- _What you have to do_: Exact wording is needed for every line from the one holding "这是3月15日拍摄的江苏省港" to the end of the records below; write those lines out and omit the pictures.

•••••

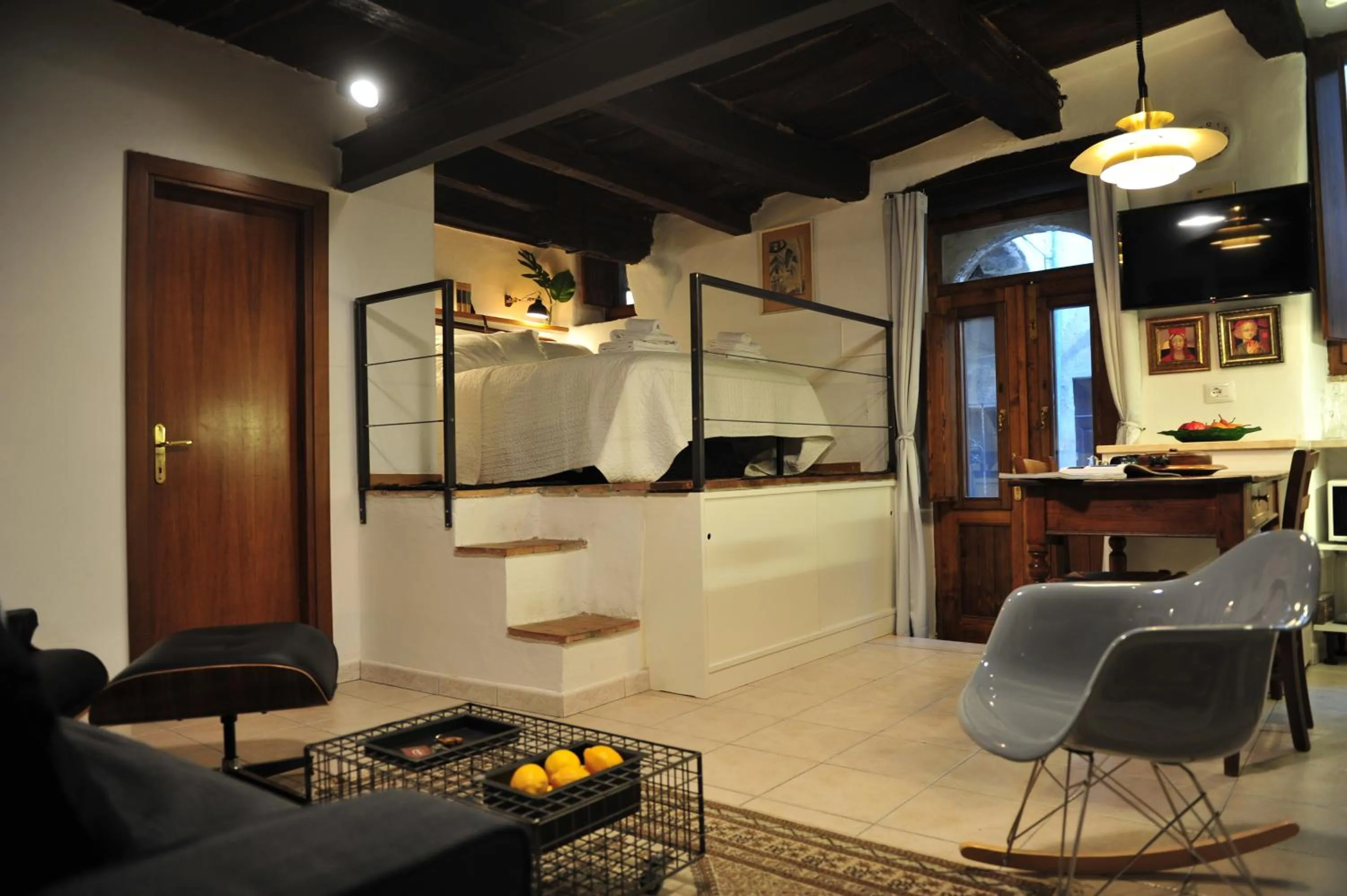 Photo of the whole room in Casa Messi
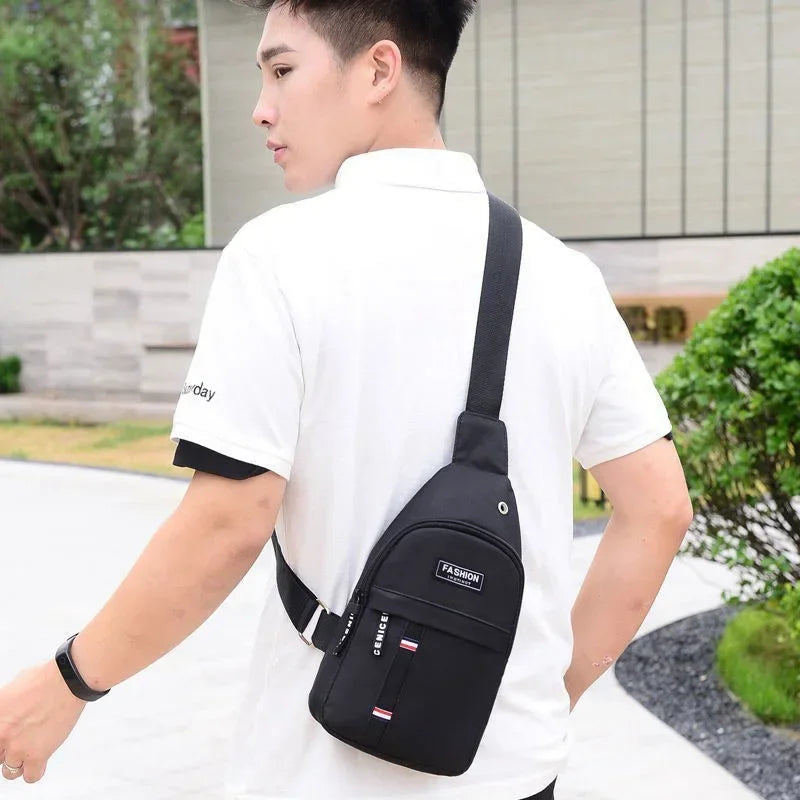 2023 bolso nuevo de pecho nuevos hombres Simple Nylon moda impermeable un bolso de hombro tipo bandolera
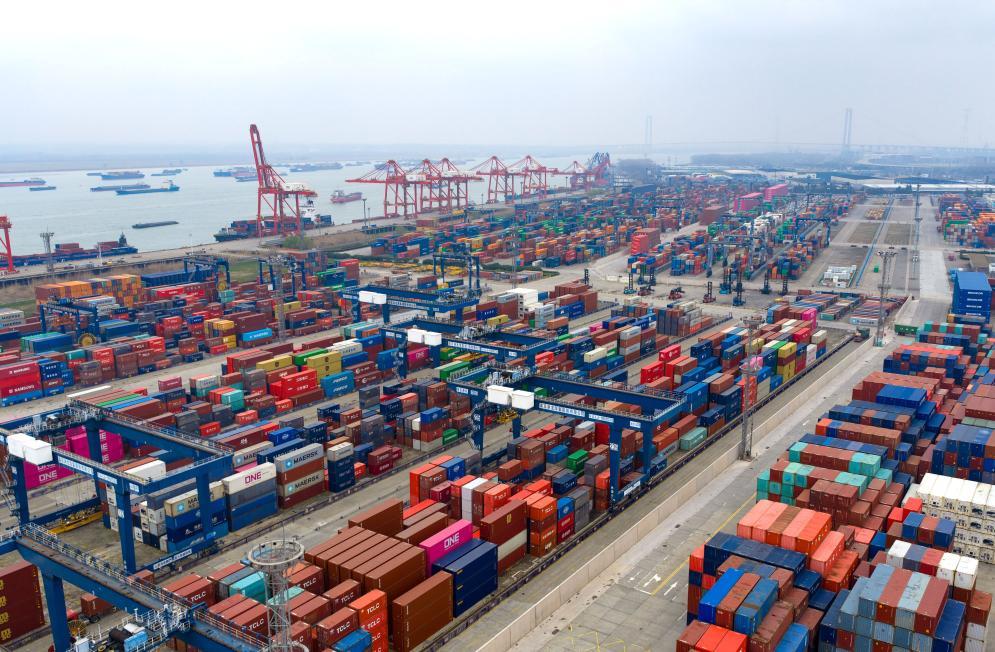 这是3月15日拍摄的江苏省港口集团南京港龙潭港集装箱码头(无人机照片)。新华社发(杨素平摄)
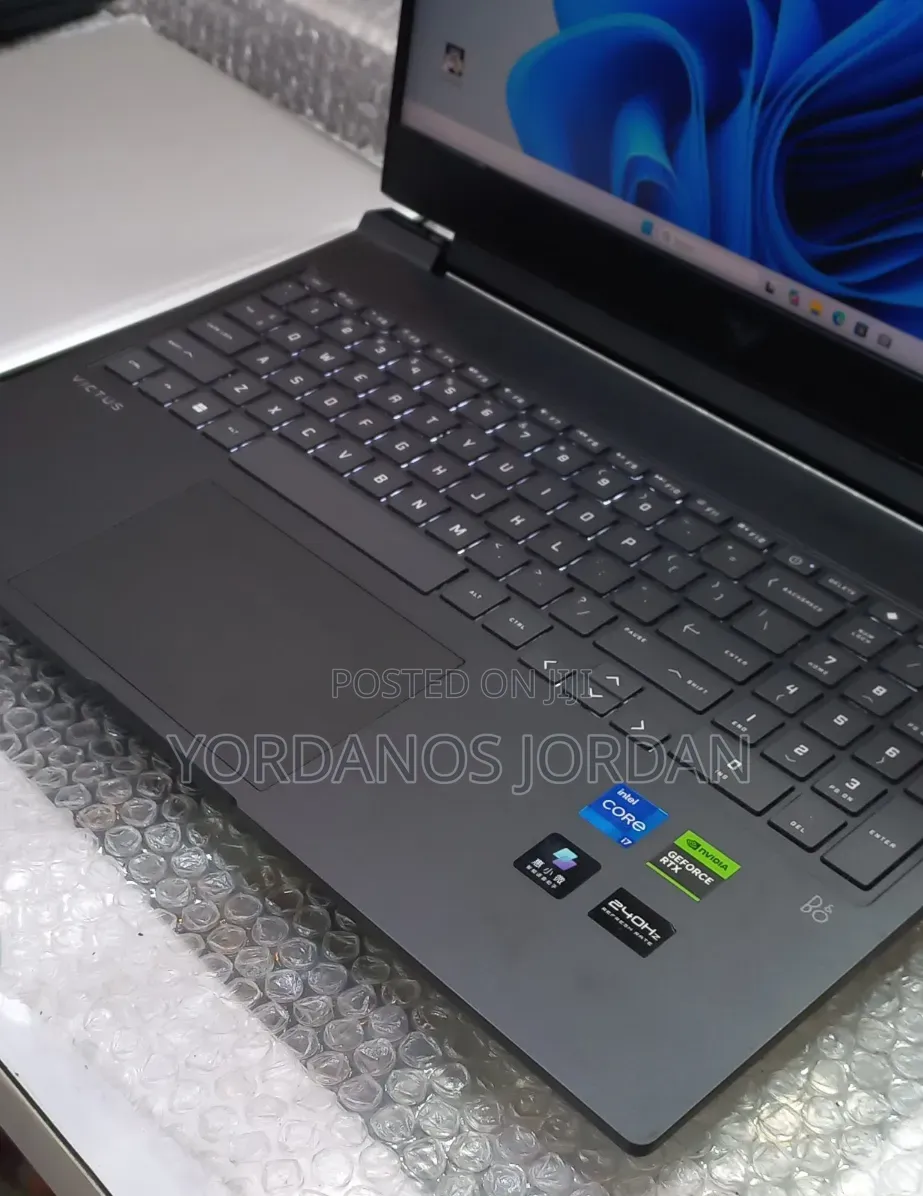 New Laptop HP Victus 16 16GB Intel Core i7 SSD 1T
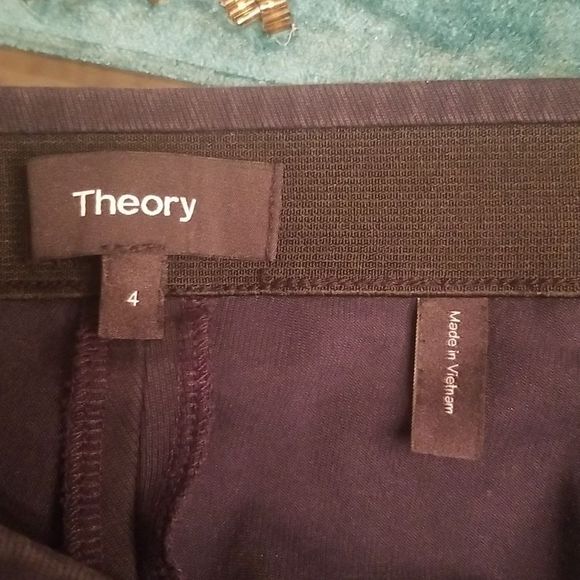 Theory Thaniel Navy Twill Stretch Crop Pants Sz. 4 EUC - Picture 9 of 12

•••••

- _Expected answer_:
 这是3月15日拍摄的江苏省港口集团南京港龙潭港集装箱码头(无人机照片)。新华社发(杨素平摄)
 New Laptop HP Victus 16 16GB Intel Core i7 SSD 1T
 Theory Thaniel Navy Twill Stretch Crop Pants Sz. 4 EUC - Picture 9 of 12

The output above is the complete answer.